Noch einmal, eh’ es Frühling wurde, kam der grosse Nebel, der in jedem Herbst und Winter zu verschiedenen Zeiten in wechselnder Höhe die Graue March in zwei Hälften trennt.»

Meinrad Inglin: Die Graue March (1935)

Keiner lässt uns so eintauchen in die karge (Innerschweizer) Bergwelt wie Meinrad Inglin, wobei er die Grenzen zwischen Zivilisation und Wildnis, zwischen Mensch und Naturgewalten nuancenreich auslotet. Mit Urwang (1954) erschien einer der ersten ökologisch engagierten Romane der Schweiz. Der Kampf eines Bergtals, das in den Fluten eines Stausees versinken soll, fesselt auch heute noch – ein Warnrufe, lange bevor es den Begriff Anthropozän überhaupt gab. Inglin, ein «Grüner avant la lettre», hat sich in seinen Schriften vielfältig für die Natur eingesetzt – die er als Jäger und Wanderer durchstreifte und in- und auswendig kannte. Sein Blick auf Natur, Landschaft, Umwelt – das macht ihn für unsere Gegenwart so spannend und lesenswert.

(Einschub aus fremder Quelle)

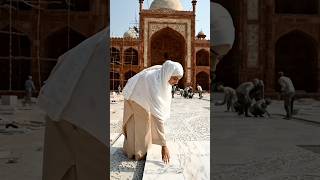 🏰✨ AI شاہی قلعہ کی شاندار تعمیر ❤️🤲 سبحان اللہ #Shorts #AIConstruction #NaatSharif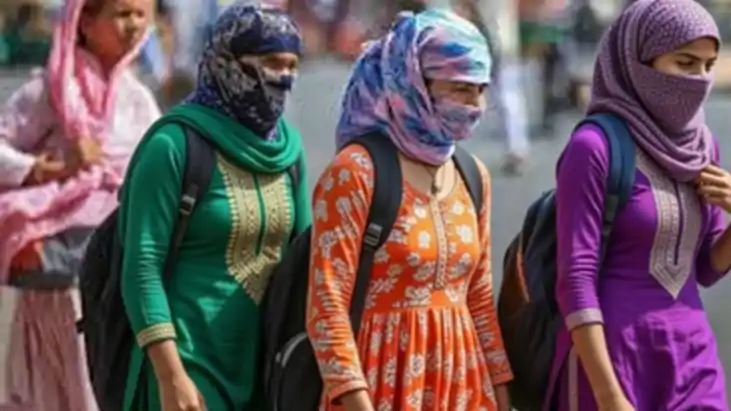 Bihar Weather Shift Storms Rain Likely Amid Rising Heat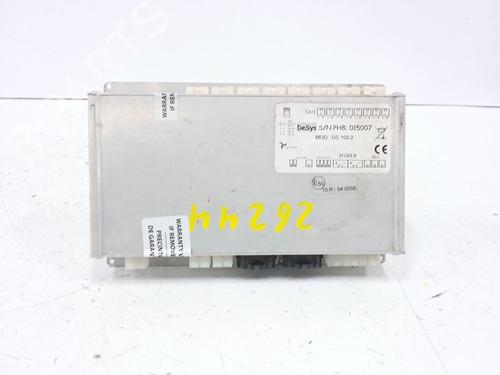 Elektronisk modul RENAULT MASTER III Bus (JV) 2.3 dCi 145 FWD (JV0F, JV0S, JV0T) (146 hp) 31194272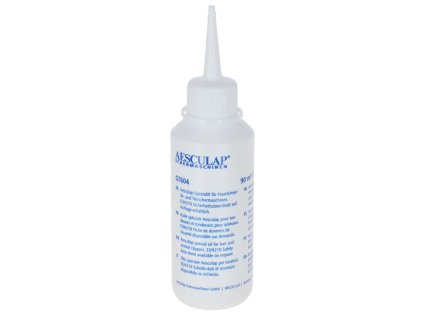 Aesculap Olej mazací na stříhací strojky, 90 ml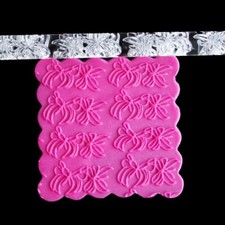 Bows Embosser Rolling Pin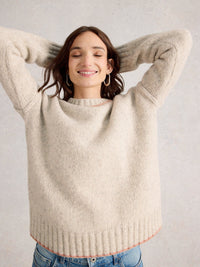 An image of the White Stuff Justine Jumper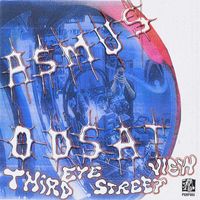 Asmus Odsat - Third Eye Street View EP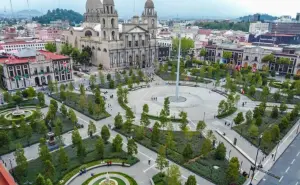 Renacimiento Histórico: Toluca invierte para transformar su centro histórico en un joya moderna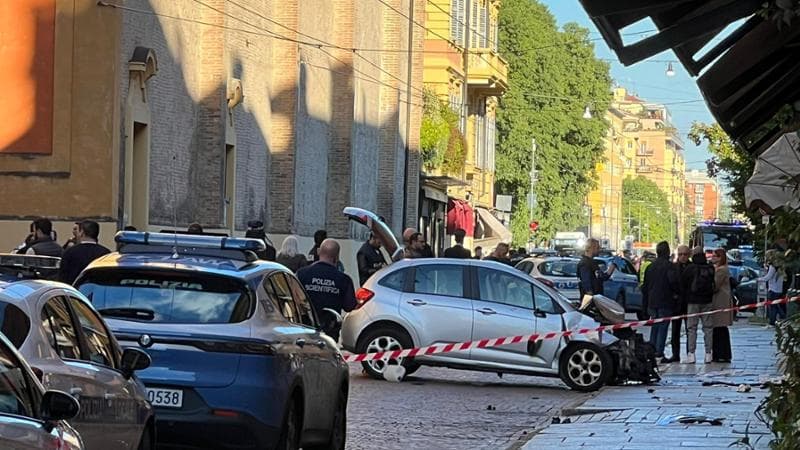 Modena, è morta in ospedale una donna rimasta ferita nell’attentato in centro del 16 maggio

Natur in Sprache verwandeln

Wie zeitgenössisch, wie aktuell ein Werk sein kann, zeigt sich unter anderem an seinen Anknüpfungspunkten und Schnittmengen mit laufenden Debatten und Strömungen. Hat uns der Dichter noch etwas zu sagen? Keine Frage, Inglin wäre, würde er heute leben und schreiben, ein Kandidat für den Deutschen Nature Writing Preis. Und wer weiss, vielleicht würde in den Buchhandlungen einige seiner Texte mit einem verkaufsfördernden Sticker «nature writing» versehen, etwa Der Lebhag, eine Art Biodiversitäts-Fabel, oder die sommerschwülen Szenen am Ufer von Die entzauberte Insel, wo man als Leserin, Leser selbst barfuss mitten im Wasser zu stehen meint und fasziniert die Hechte, Barsche, Gründel und Hasel beobachtet. Vielleicht würden Inglins Werke neben den Büchern  des derzeit gefeierten Robert MacFarlane ausliegen – ein Bruder im Geiste, auch er ein Wanderer, Naturerkunder, Schriftsteller, der so wunderbare Werke wie «Alte Wege» und «Karte der Wildnis» verfasst hat.
Gerade in den Naturschilderungen zeigt sich, wie unglaublich modern Inglins Prosa ist, sein Vokabular ist eine wahre Fundgrube. Denn Landschaft, Natur, Umwelt begrifflich differenziert, atmosphärisch zu beschreiben, ist eine hohe Kunst. Nature Writing zeigt, wie es gelingen kann, Natur in Sprache zu verwandeln. Nuancierte Beschreibungen, wie sie eben die Tradition des nature writing pflegt, die übrigens weit ins 19. Jahrhundert zurück reicht, verleihen uns die Fähigkeit Landschaften richtig zu ´lesen`, aufmerksam, achtsam wahrzunehmen. Und Inglin ist darin einer der Grossen.

Die verlorenen Wörter

Gerade wenn es um Naturbeschreibung geht, hat Inglin ein gigantisches Vokabular zusammengetragen, das wir grösstenteils gar nicht mehr aktiv im Wortschatz führen. Umso wichtiger ist es, dass diese «verlorenen Wörter» in seinen Texten entdeckt werden können. Denn wenn die Begriffe, die exakten und spezifischen Wörter, Ausdrücke und Beschreibungen für Orte, Landschaft, Naturphänomene, Flora und Fauna aus der Literatur, den Wörterbüchern verschwinden und nicht mehr verwendet werden, dann werden sie unbedeutend. Sie verschwinden nicht nur aus unserer Sprache. Sondern sie verschwinden auch aus unserem Bewusstsein, sie hören in gewisser Weise auf zu existieren. Wird mit dieser Entwicklung, wie Ludwig Fischer meint, unser so oft rücksichtsloser Umgang mit der Natur sogar sprachlich bestätigt und legitimiert? Jürgen Goldstein stellt die Frage sogar noch schärfer: »Können wir es uns leisten, gegenüber einer Wirklichkeit sprachlos zu werden, von der wir elementar abhängen?«. Genau deshalb könnte Inglin, dieser tiefgründige und feinfühlige Vermesser von Berg- und Voralpenlandschaften, eine grosse Quelle der Inspiration sein, ein Anstoss zu einer Debatte – bis hinein ins Politische.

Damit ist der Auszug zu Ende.